> [Action item] Keep the images out while you retype all of the data exactly.

> [Data]
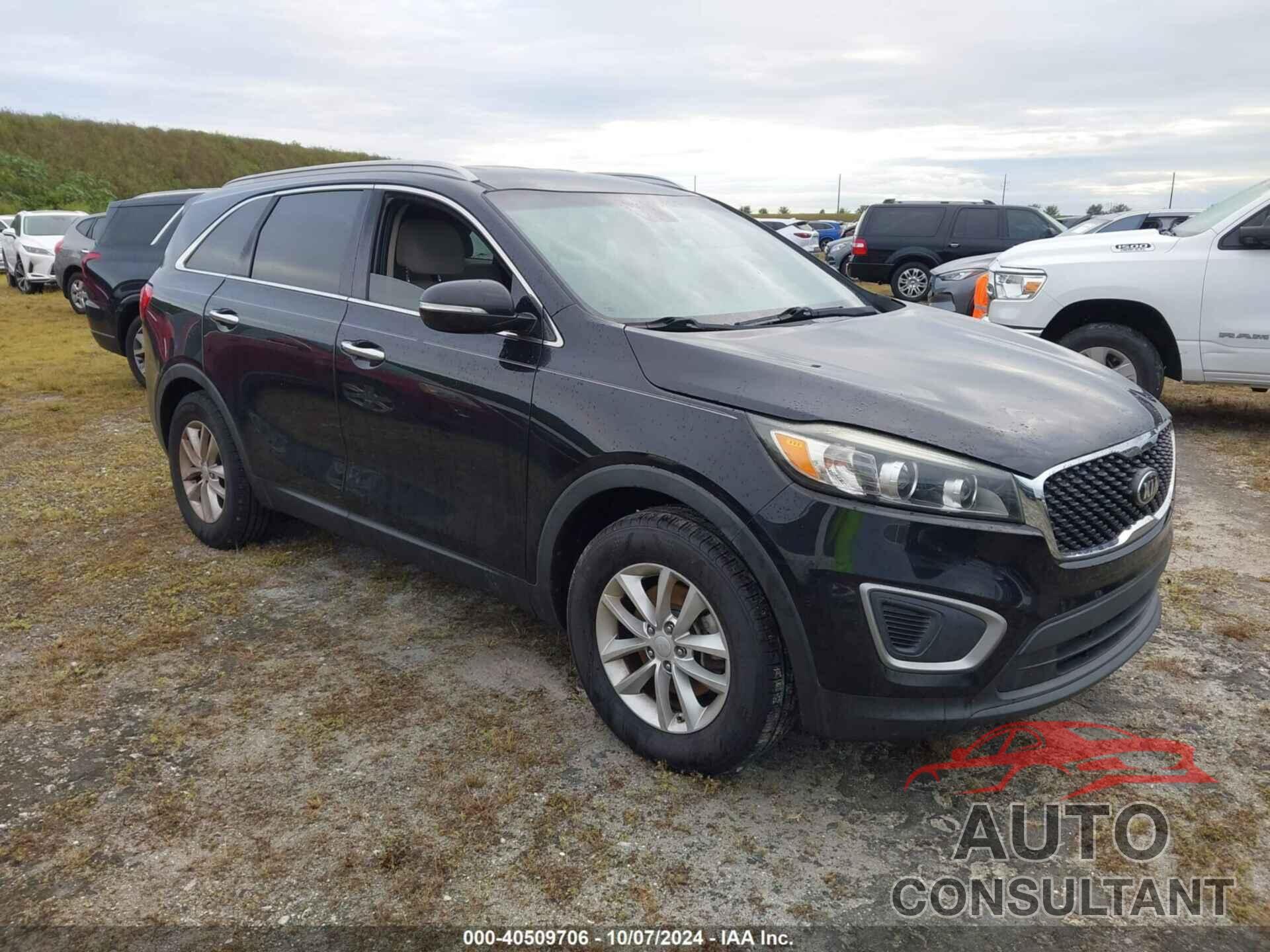 KIA SORENTO 2017 - 5XYPG4A31HG244384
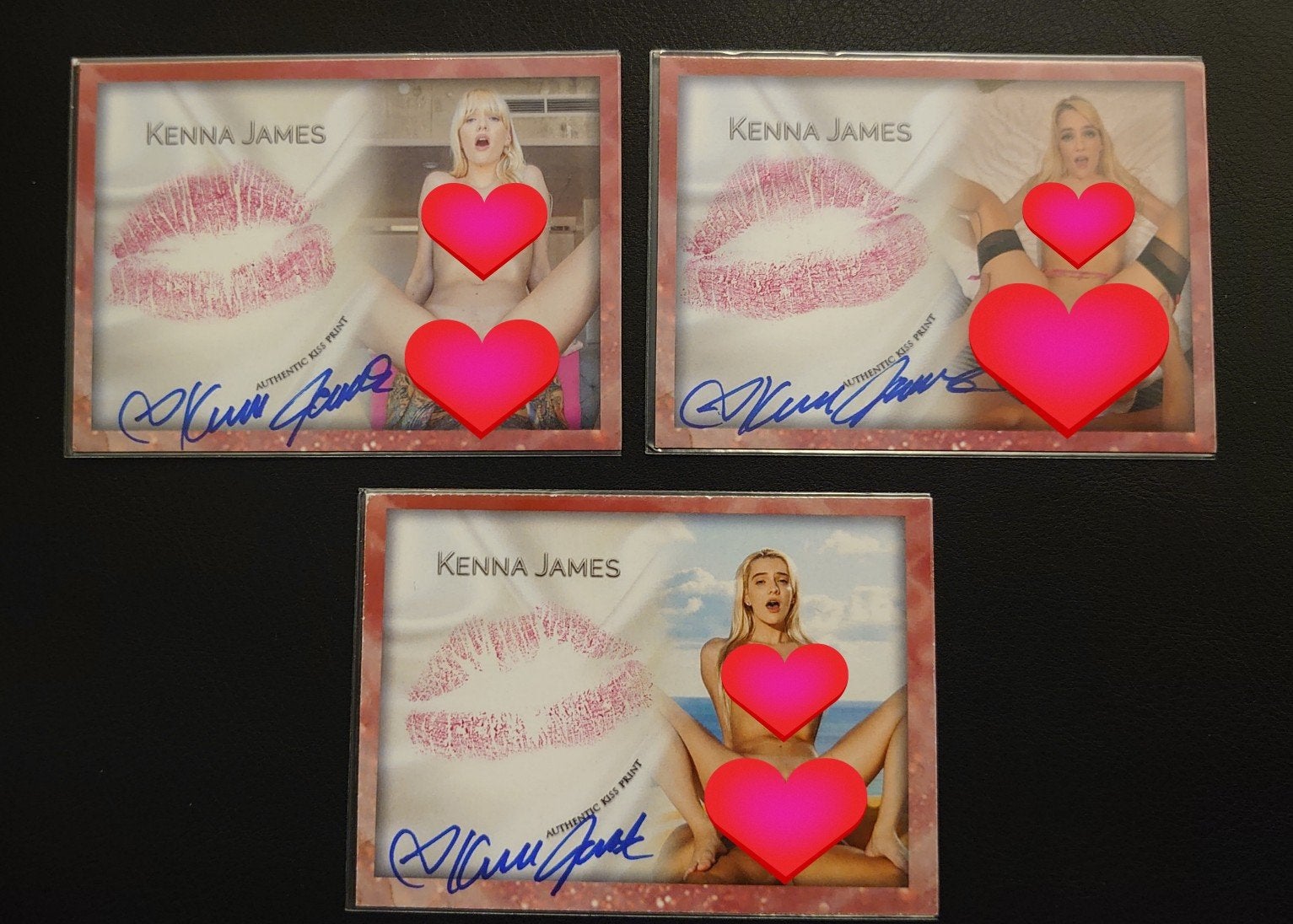 Kenna James Kiss & Autograph cards (3x), Verzenden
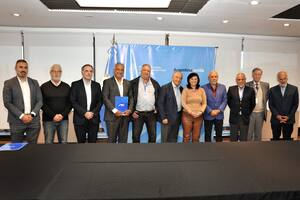 Armando Cavalieri y la ministra de Trabajo, Kelly Olmos, luego del acuerdo firmado por Comercio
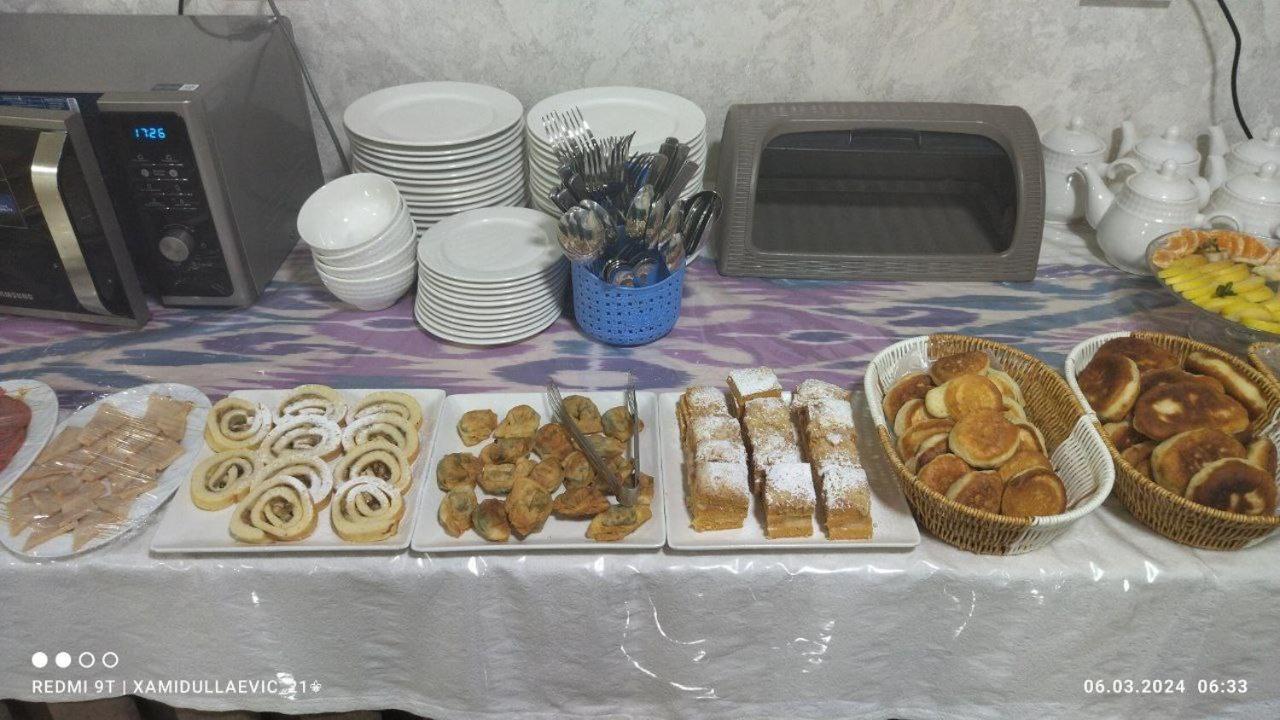 Barhat Hotel Ташкент Екстериор снимка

> [Answer area]
 KIA SORENTO 2017 - 5XYPG4A31HG244384
 Kenna James Kiss & Autograph cards (3x), Verzenden
 Armando Cavalieri y la ministra de Trabajo, Kelly Olmos, luego del acuerdo firmado por Comercio
 Barhat Hotel Ташкент Екстериор снимка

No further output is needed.